Hi-Crush Partners LP Reports Second Quarter 2015 Results

2Q15 Revenues of $84 million vs. $83 million in 2Q14
2Q15 EBITDA of $19 million vs. $36 million in 2Q14
$0.31 basic and diluted earnings per unit

Houston, Texas, August 6, 2015 - Hi-Crush Partners LP (NYSE: HCLP), “Hi-Crush” or the “Partnership”, today reported second quarter 2015 results. The limited partners' interest in net income was $11.5 million for the second quarter of 2015, resulting in basic and diluted earnings per unit of $0.31 per common and subordinated units.

The Partnership reported earnings before interest, taxes and depreciation and amortization (“EBITDA”) of $19.2 million for the second quarter of 2015. Distributable cash flow of $16.7 million attributable to the common and subordinated unitholders for the second quarter of 2015 corresponds to distribution coverage of 0.95 times the $17.6 million in distributions to be paid to common and subordinated unitholders on August 14, 2015.

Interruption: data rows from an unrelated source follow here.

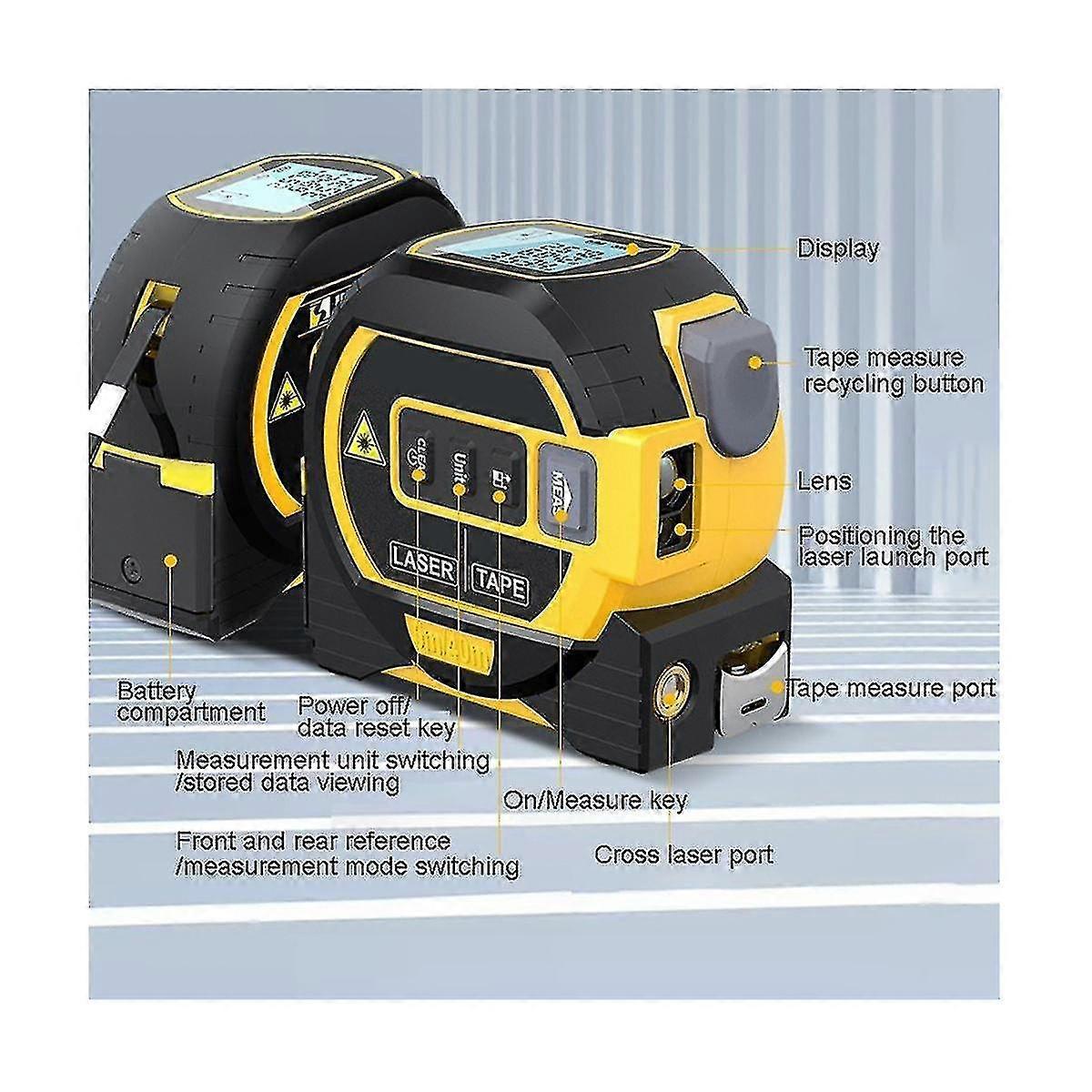 3 in1 LCD-Display 60m Digital Laser-Entfernungsmesser Entfernungsmesser Handheld Finder 5m Messband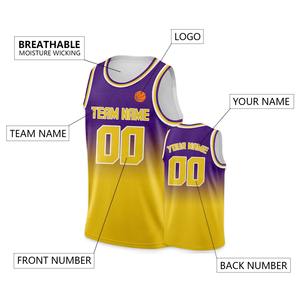 Camiseta de Baloncesto Personalizada en Oro Púrpura, Uniforme con Nombre, Número y Logotipo Impresos para Hombres, Mujeres, Jóvenes y Niños - Product Image 3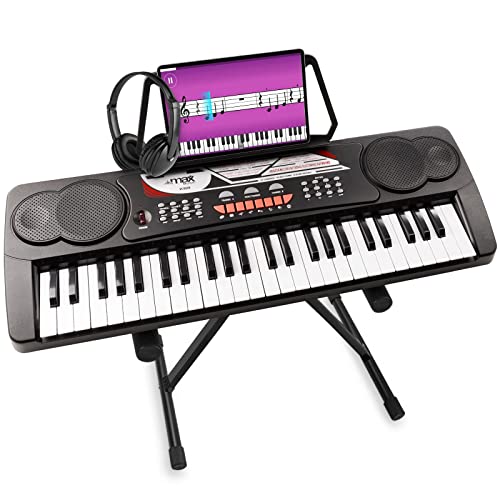 MAX KB8 Clavier électronique pour débutant avec stand et casque audio, Piano numérique 49 touches, Fonction d… - Les Beatles, Paul McCartney, John Lennon, RIngo Starr, George Harrison MAX KB8 Clavier électronique pour débutant avec stand et casque audio, Piano numérique 49 touches, Fonction d…
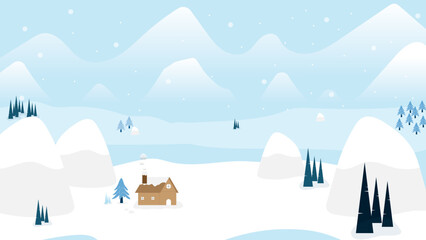 Fototapeta na wymiar House at mountain valley with snow snow winter illustration vector landscape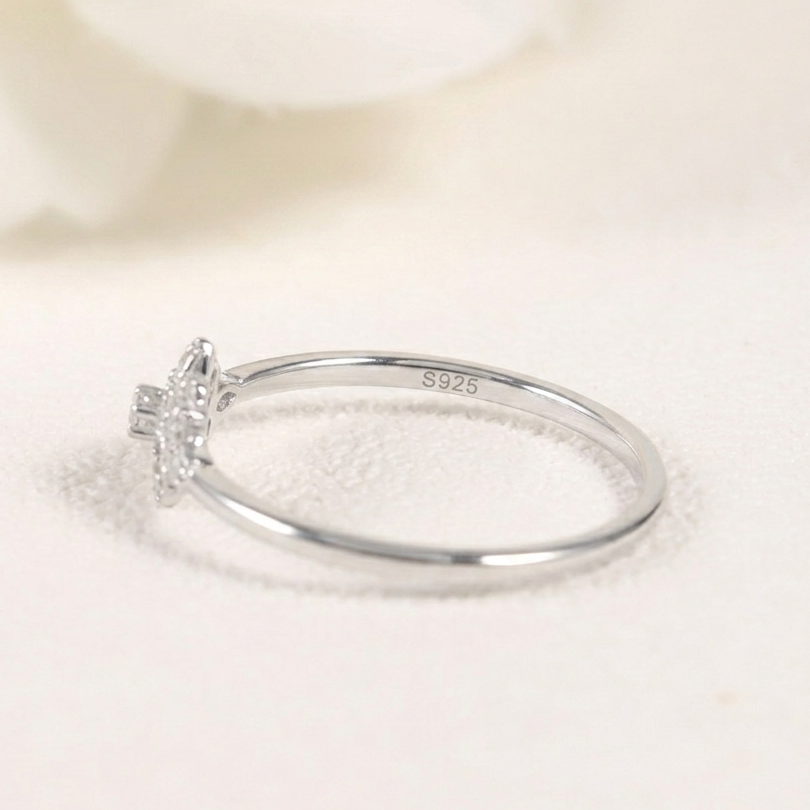 Petite Moissanite Floral Stacking Ring in Sterling Silver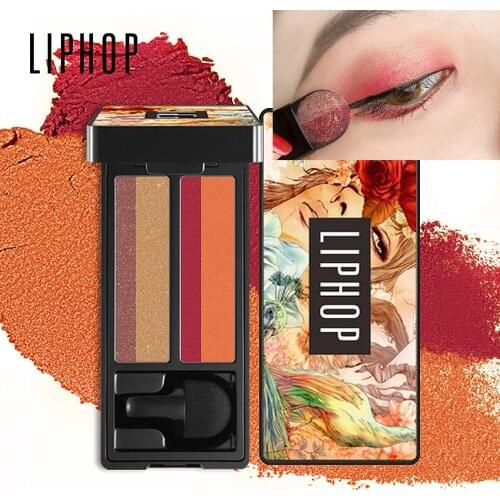 Liphop Gradient EyeShadow palette 4 color laziness eyeshadow waterproof long lasting shimmer matte eyeshadow warm color BN088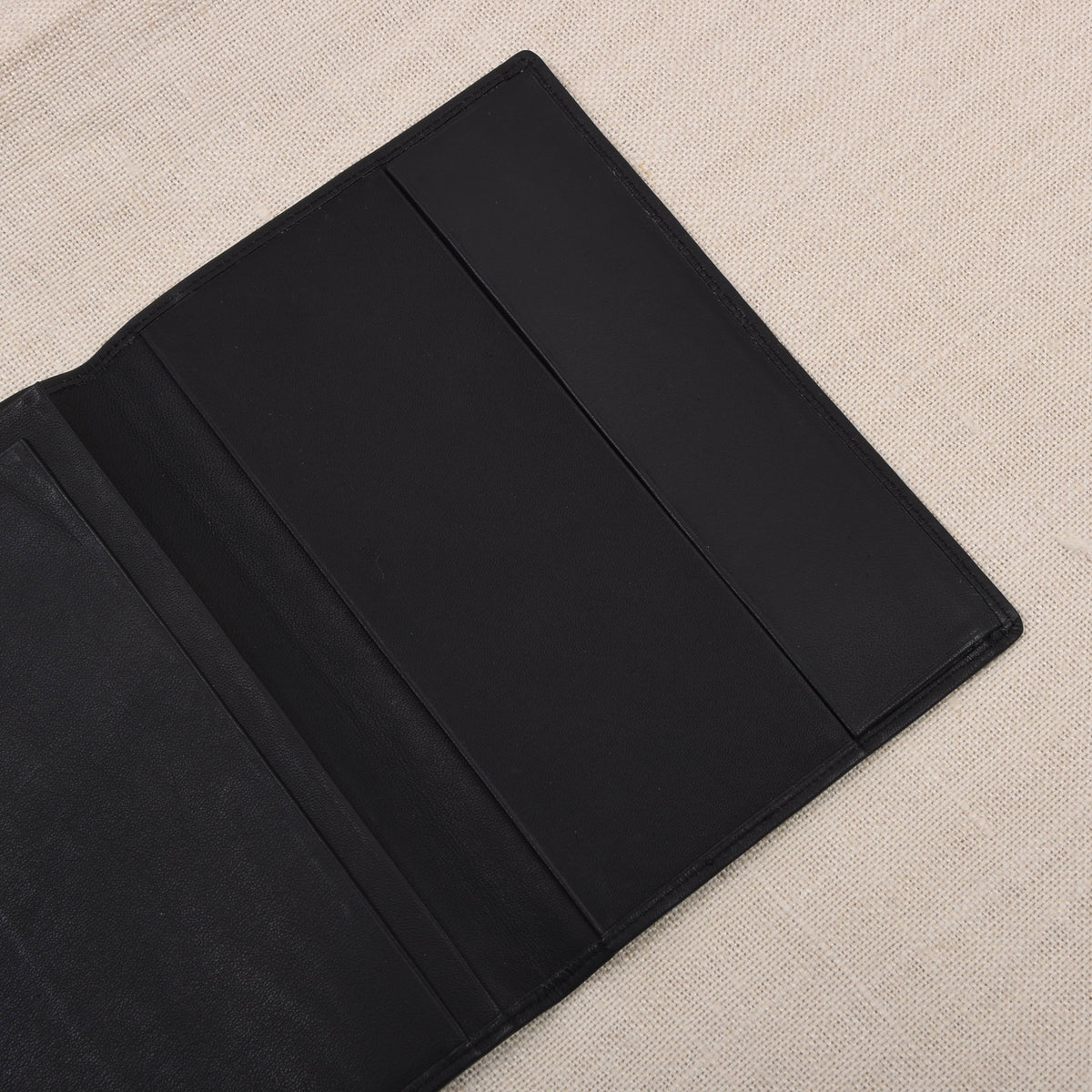 NOS Leplat Leather Passport Cover/Wallet Made in Germany - Charcoal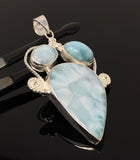 Natural Larimar Pendant, Gemstone Pendant, Silver Jewelry Gifts for Her, Bohemian Jewelry, Boho Pendant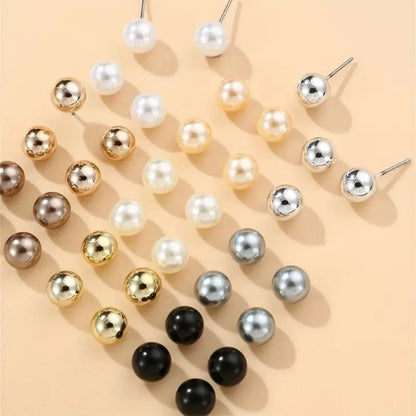 18 Pairs of Simple Imitation Pearl Earrings, Casual and Elegant Style, Lightweight, Women Wear Earrings for Daily Wear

“Our results reflect reduced drilling and completion activity and its impact on pricing, which deteriorated further in the second quarter. As our volumes remained steady with first quarter levels, however, we believe we captured market share from the competition,” said James M. Whipkey, Co-Chief Executive Officer of Hi-Crush. “We believe our proactive approach to managing the business through this downturn has contributed to our market share gain and will continue to be beneficial to us when the market recovers.”

Revenues for the quarter ended June 30, 2015 totaled $84.0 million on sales of 1.2 million tons of frac sand, and transload services. Revenues in the first quarter 2015 totaled $102.1 million on sales of 1.2 million tons of frac sand, and transload services. Approximately 58% of volumes were sold in-basin for the second quarter of 2015, an increase from 44% in the first quarter of 2015 and 33% in the fourth quarter of 2014. Average sales price per ton sold decreased to $67 per ton in the second quarter from $73 per ton in the first quarter reflecting the higher average price for volumes sold in-basin, more than offset by declines in pricing with the slowdown in well completions activity.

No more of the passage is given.